ああ、やっぱり死んでしまったんだ……。呼吸も楽になり、眠るように逝ったのが、せめてもの救いでした。
19歳の誕生日目前に具合が悪くなったときは、呼吸がとても辛そうで、頭をもたげるようにして横たわっていたのを思い出します。
眼を見開いたままの彼に向かって、必死に呼びかけました。

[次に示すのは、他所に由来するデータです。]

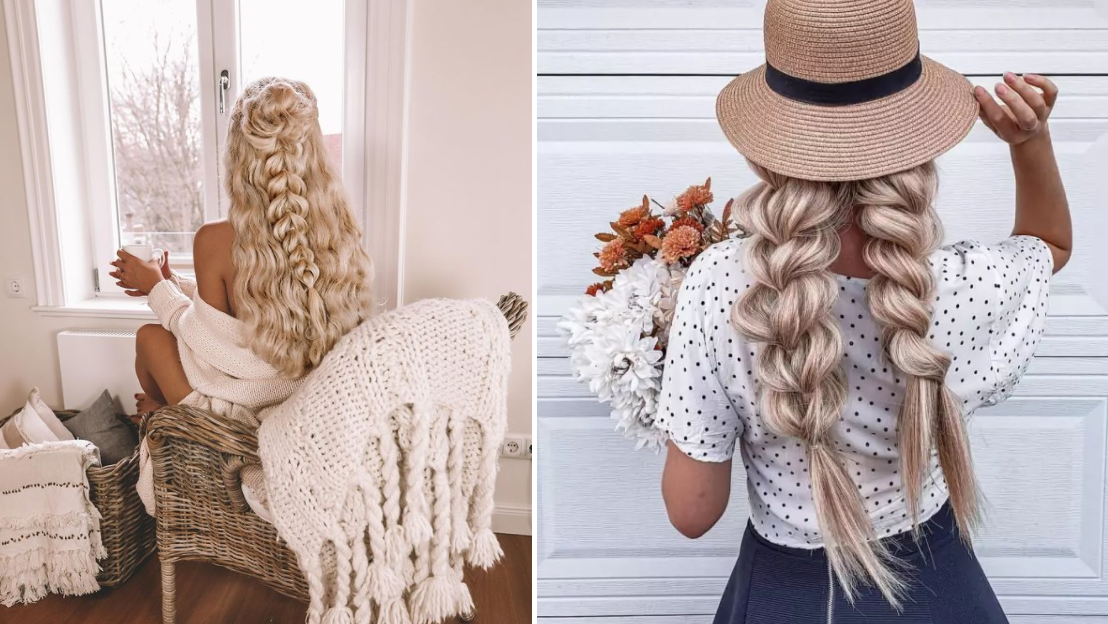 Warkocz z gumek: jak zrobić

「タロー!! こんな状態のまま死んだら、夢見が悪くてかなわんよ~~」。
半ばベソをかきながら、やっぱり体をさすったり、少しでも呼吸が楽になればと、頭部が高くなるようにタオルを挟んだり、寝る位置を変えたりして、始終見守りましたっけ。
あれれっ、タロー爺さん! 薄目、開けてるじゃん!! 再び奇跡が起き、不死鳥のごとく息を吹き返したの!!!
いやいや、ちょっと待って、オカルト映画じゃないんだからさ。
もちろんそんなはずはなく、死にかけて以来、彼はうっすらと目を明けた状態で寝ていることが多いのでした。
半眼のまま寝るなんて、今にして思えば、すでに仏様に近づいていたのかもしれませんね。トホホ。
彼の心臓が止まったことを心から納得するには、やはり時間がかかったのだと思います。
まだ温もりのある彼の体を連れ合いが幾度かマッサージしていました。
いつもは「20歳まで生きて欲しい」という願いを込めて、このときはおそらく「長い間、お疲れさん!!」という感謝の気持ちからだったでしょう。
いろいろあったけれど19年7ヵ月もの間、本当にタローはよく生きてくれました。
悲しさよりも、清々しさのほうが勝ったのは、彼が彼らしく犬生を全うしたこと、さらには飼い主として伴走できたことに感動を覚えたのだと思います。
……ちょっと自画自讃すぎましたかね。